[Exercise brief]
With the pictures removed, the data below must be transcribed in full and exactly.

[Dataset extract]
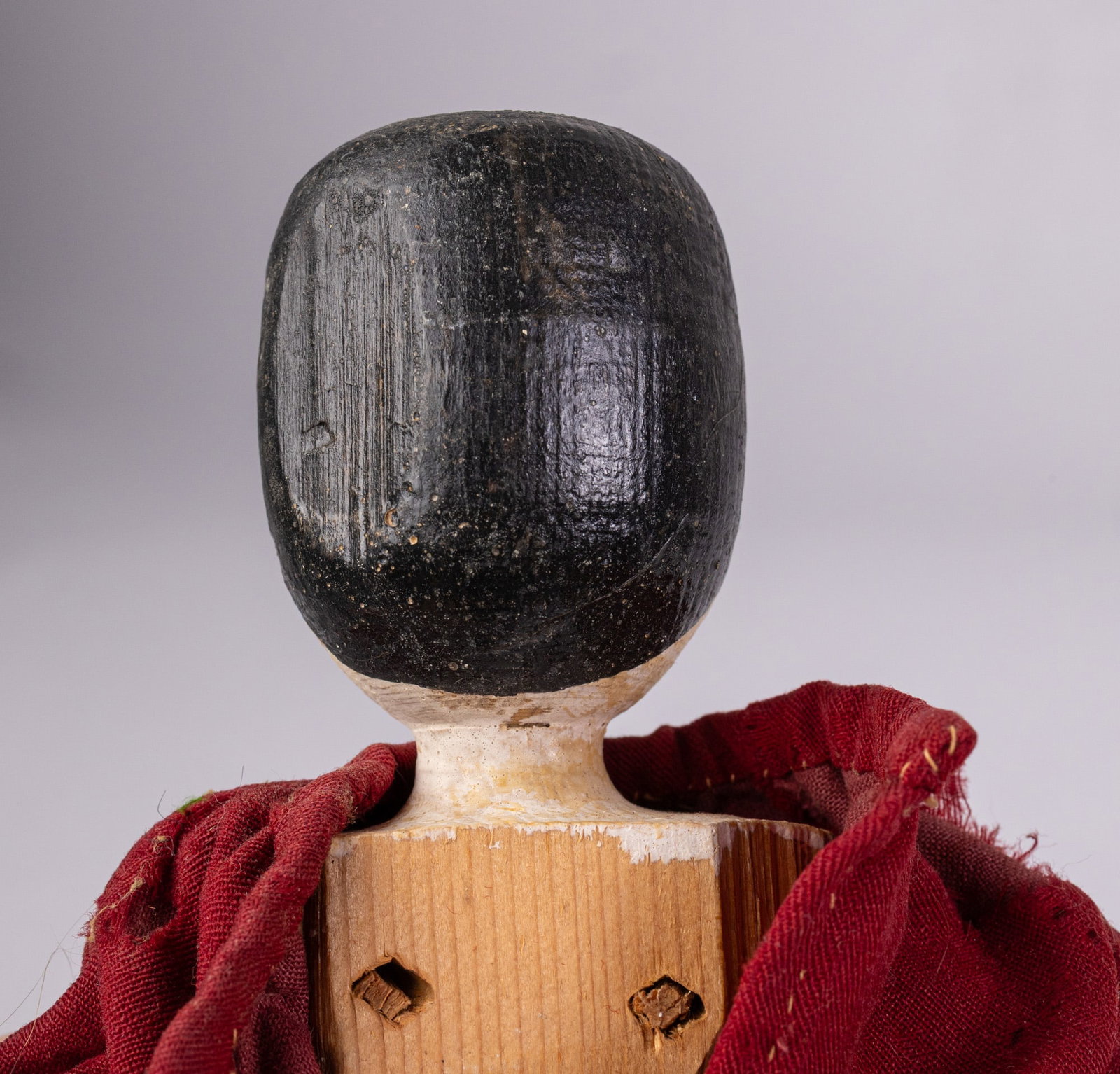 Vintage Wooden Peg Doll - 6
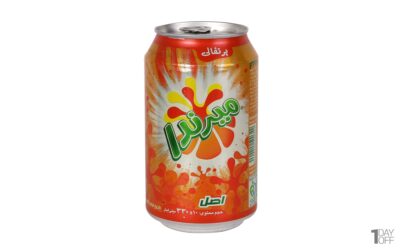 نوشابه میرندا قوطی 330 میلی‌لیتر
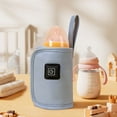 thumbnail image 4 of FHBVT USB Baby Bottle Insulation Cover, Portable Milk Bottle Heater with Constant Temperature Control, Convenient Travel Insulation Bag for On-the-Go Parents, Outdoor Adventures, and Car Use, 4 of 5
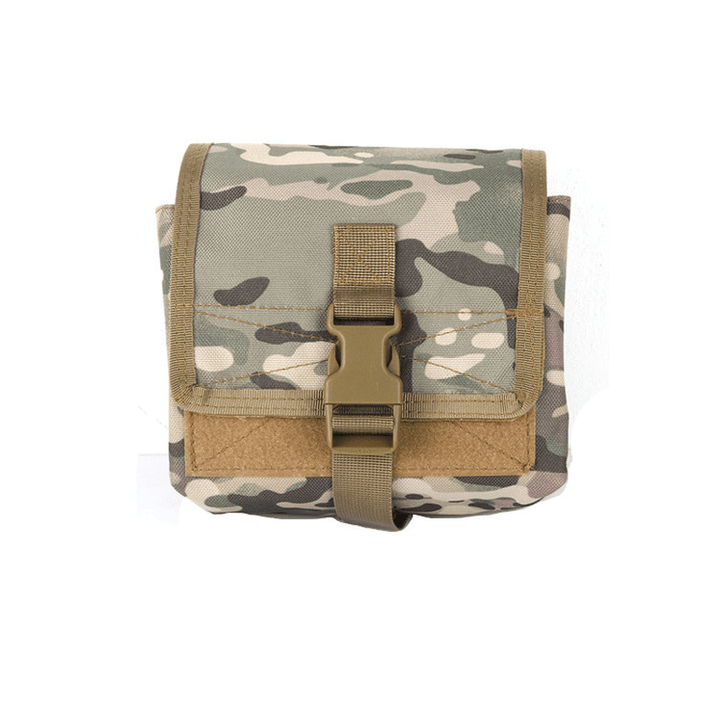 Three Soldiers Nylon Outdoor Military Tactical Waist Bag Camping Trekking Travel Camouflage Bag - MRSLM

[Response for this exercise]
 Vintage Wooden Peg Doll - 6
 نوشابه میرندا قوطی 330 میلی‌لیتر
 thumbnail image 4 of FHBVT USB Baby Bottle Insulation Cover, Portable Milk Bottle Heater with Constant Temperature Control, Convenient Travel Insulation Bag for On-the-Go Parents, Outdoor Adventures, and Car Use, 4 of 5
 Three Soldiers Nylon Outdoor Military Tactical Waist Bag Camping Trekking Travel Camouflage Bag - MRSLM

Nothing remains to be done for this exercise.